• **Instructions to follow**: Make an exact copy of all the entries below, with the pictures left out.

* * * * *

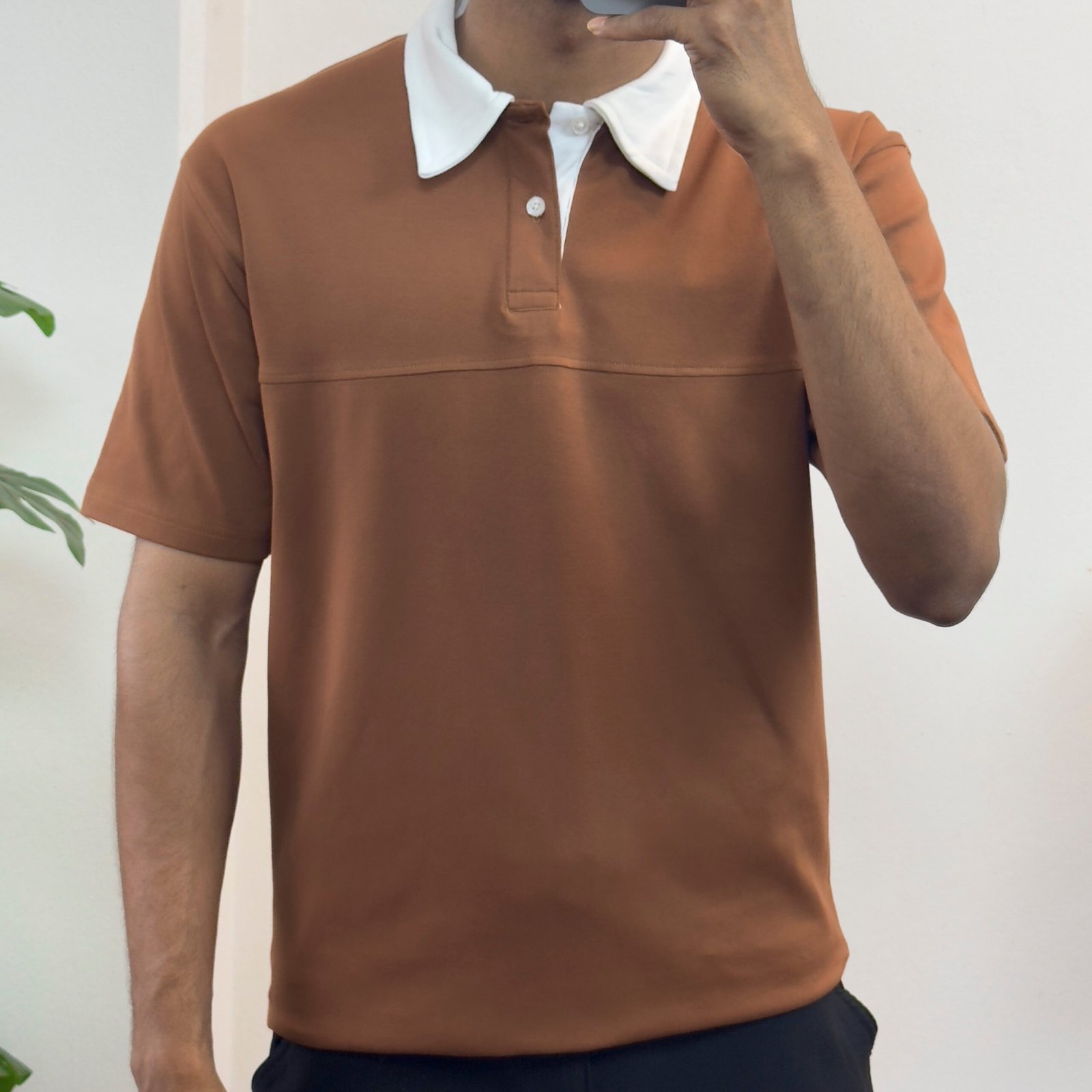 Contrast Collar Polo T-shirt - Brown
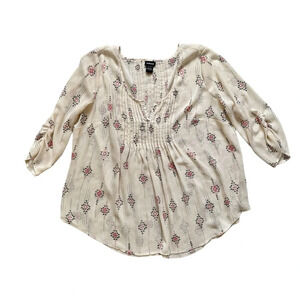 Torrid 3/4 Sleeve Sheer Mesh Tunic Blouse Cream Floral Pattern Size‎ 1X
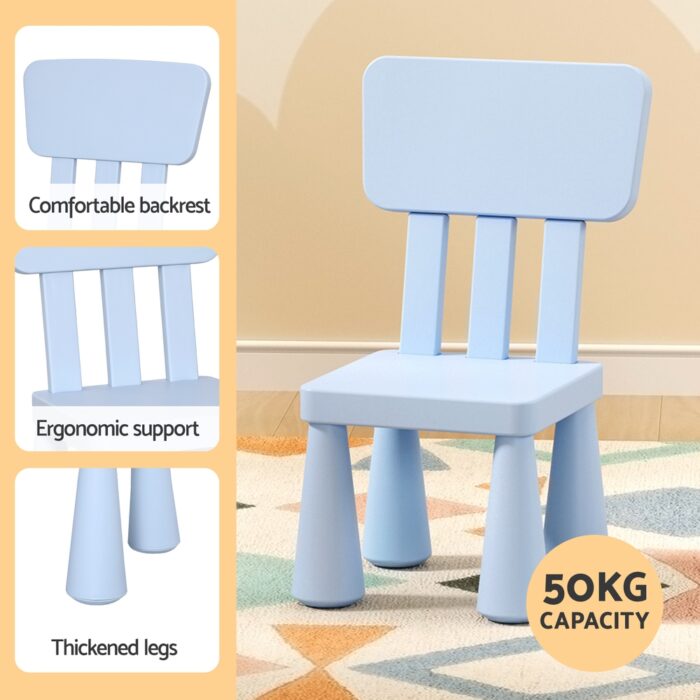 1 Keezi Kids Table and 2 Chairs Set Blue - Image 6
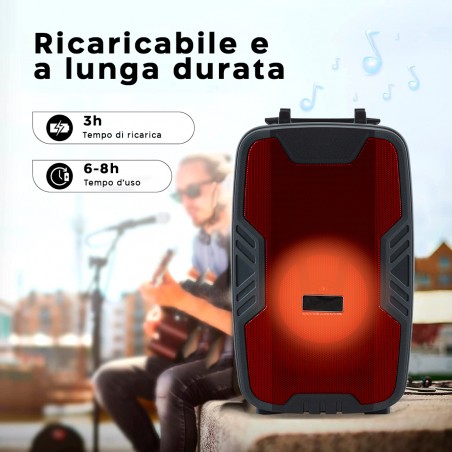 Cassa Bluetooth Amplificata Radio FM Portatile Batteria Ricaricabile e Microfono
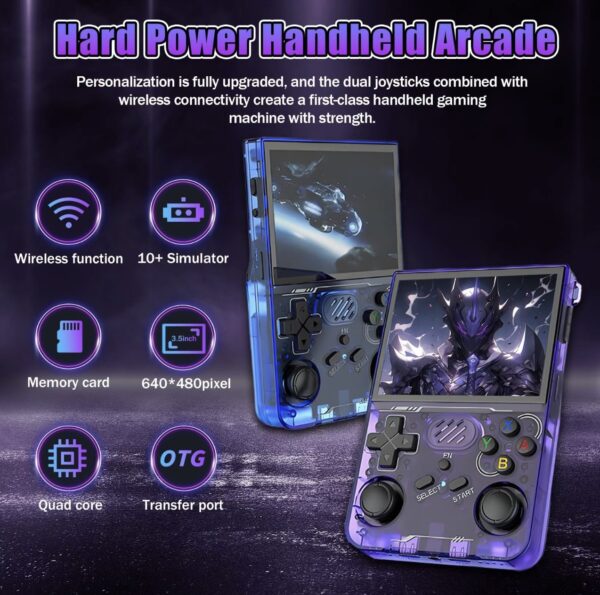 R36S New Generation Retro Game Console delivers a complete nostalgic gaming experience with access to over 20,000 built-in games. From classic arcade titles to action, racing, and large-scale 3A-style games, it covers nearly 90% of mainstream gaming genres. With multiple built-in emulators, users can relive childhood memories while also exploring a massive library of modern retro-compatible titles, all in one compact handheld device.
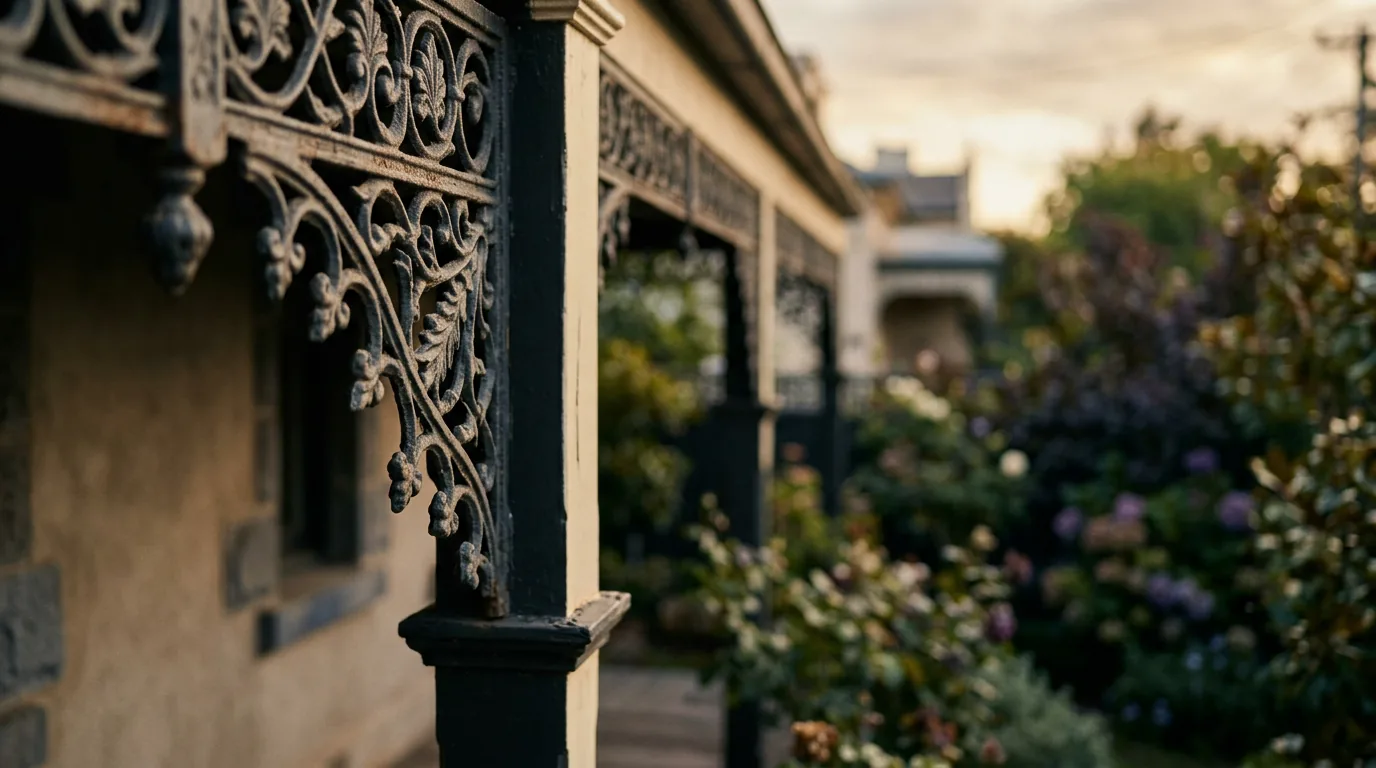Heritage cast-iron lacework on a Toorak Victorian verandah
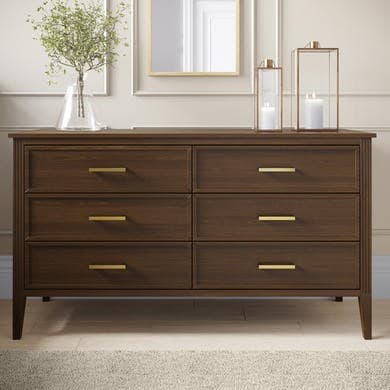 Wide Walnut 6 Drawer Chest of Drawers - Delilah
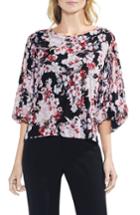 Women's Vince Camuto Timeless Blooms Bubble Sleeve Blouse, Size - Black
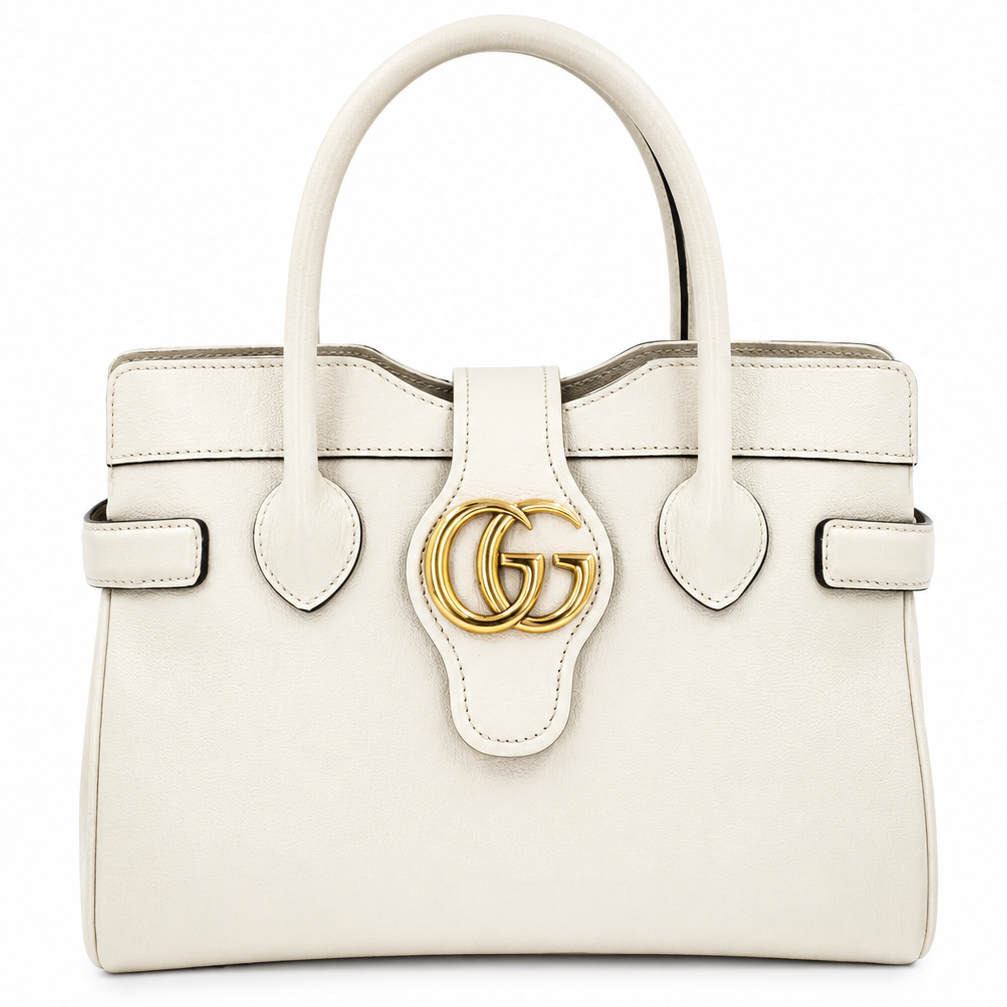 Gucci Small Top Handle Bag – White Calfskin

* * * * *

• **Answer section**:
 Contrast Collar Polo T-shirt - Brown
 Torrid 3/4 Sleeve Sheer Mesh Tunic Blouse Cream Floral Pattern Size‎ 1X
 1 Keezi Kids Table and 2 Chairs Set Blue - Image 6
 Cassa Bluetooth Amplificata Radio FM Portatile Batteria Ricaricabile e Microfono
 R36S New Generation Retro Game Console delivers a complete nostalgic gaming experience with access to over 20,000 built-in games. From classic arcade titles to action, racing, and large-scale 3A-style games, it covers nearly 90% of mainstream gaming genres. With multiple built-in emulators, users can relive childhood memories while also exploring a massive library of modern retro-compatible titles, all in one compact handheld device.
Heritage cast-iron lacework on a Toorak Victorian verandah
 Wide Walnut 6 Drawer Chest of Drawers - Delilah
 Women's Vince Camuto Timeless Blooms Bubble Sleeve Blouse, Size - Black
 Gucci Small Top Handle Bag – White Calfskin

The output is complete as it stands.